One common argument against prosecution is that torture is effective, and we should not prosecute those who helped protect America.
This, however, was the same logic used by Latin America’s military governments: they had to wage a “dirty war” on their enemy’s terms. No doubt, the danger there was real, as it is in the United States. Leftist groups had killed hundreds before the wave of coups claimed the lives of thousands. But in retrospect, the dirty wars did more damage to the legal order than had the enemy it was fighting. Our southern neighbors have rejected the argument that one may break the law to save the law. They have restored the law by prosecuting those who broke it.
Another argument against prosecution is the supposed impossibility of figuring out who is responsible. Are those at the top, such as former Defense Secretary Donald Rumsfeld or White House counsel John Yoo, responsible?

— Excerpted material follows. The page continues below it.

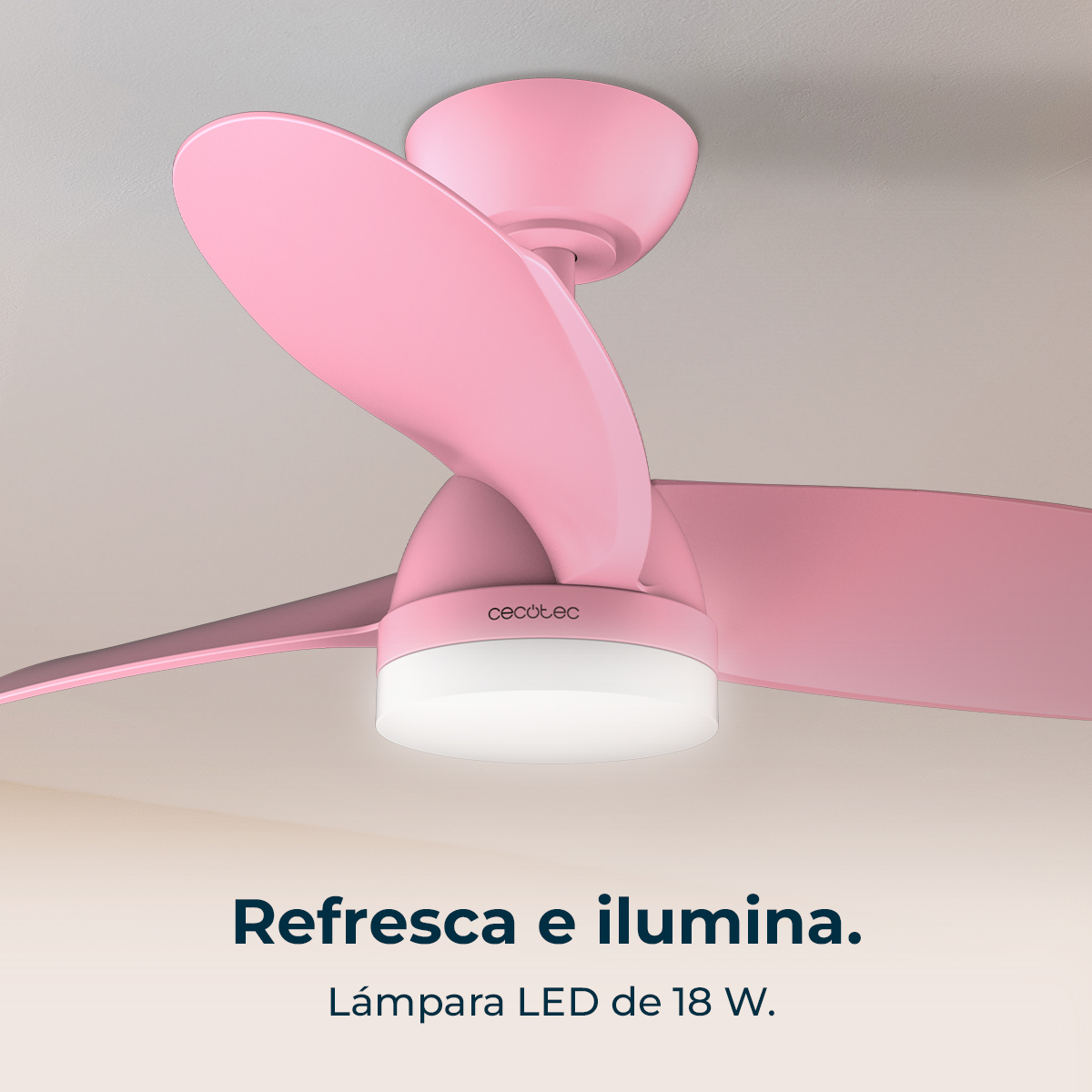 Un ventilatore da soffitto rosa con lampada LED integrata. Le pale sono curve e la luce è accesa.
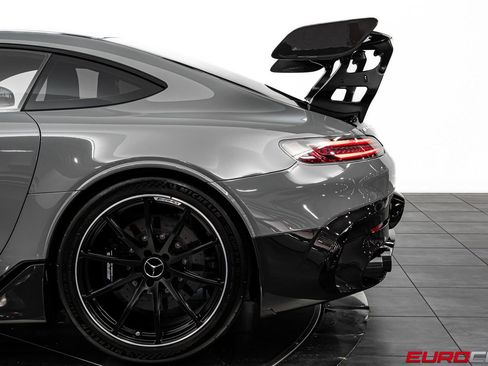 Used 2021 Mercedes-Benz AMG GT Black Series image 22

Or should blame fall only on those who carried out the offensive practices?
In Latin America, the answer is both. Argentina’s Supreme Court, in the 2005 Simon decision, held that torture is manifestly illegal and that no excuse justifies either giving or following orders to torture. Commander and commanded are equally responsible. Under this theory, a court last year convicted Benjamin Luciano Menendez, one of the most powerful men in Argentina’s dictatorship, to life in prison. In addition, another court last year convicted two lower ranking police officers for their involvement in a 1976 massacre.
Finally, some excuse the Bush administration by saying what they did was not torture. Waterboarding is simply an “enhanced interrogation technique,” as former Vice President Dick Cheney described it this August while defending the practice.
But this is a lexical sleight of hand. The debate is a nonstarter in Latin America. Though waterboarding is known by another name – the “submarino” – it is decidedly considered torture. Courts have repeatedly convicted defendants for subjecting prisoners to this “method,” citing domestic and international prohibitions on the use of the practice. Ironically, our own government, lead by the late Sen. Edward Kennedy, sanctioned Argentina in the late 1970s for using this very practice (amongst other concerns).
The parallels should not be overstated – the scale and scope of the repression was much greater in Latin America. Similarly, it has taken a generation for some countries of Latin America to do justice. Further, not all countries have decided to prosecute torture. Brazil, for instance, still respects an amnesty law passed by the ancien régime in 1979 (though a repeal of the law is currently under debate in Brazil’s Congress).
But pointing to these differences suggests that it should be easier for us to do justice. In Latin America, thousands are implicated in the crimes of the 1970s, and hundreds of thousands more who supported military coups share tacit responsibility. In the United States, the ethical lines are more clear. The practices emanated from a small group inside the White House, the vice president’s office, the pentagon and the CIA. Ever since the practices saw the light of day, they have been met with boisterous opposition.
For centuries, the democracies of Latin America have looked north for inspiration: how to write their constitutions, how to design their government buildings, how to structure their economies. Perhaps it is time for us to look south.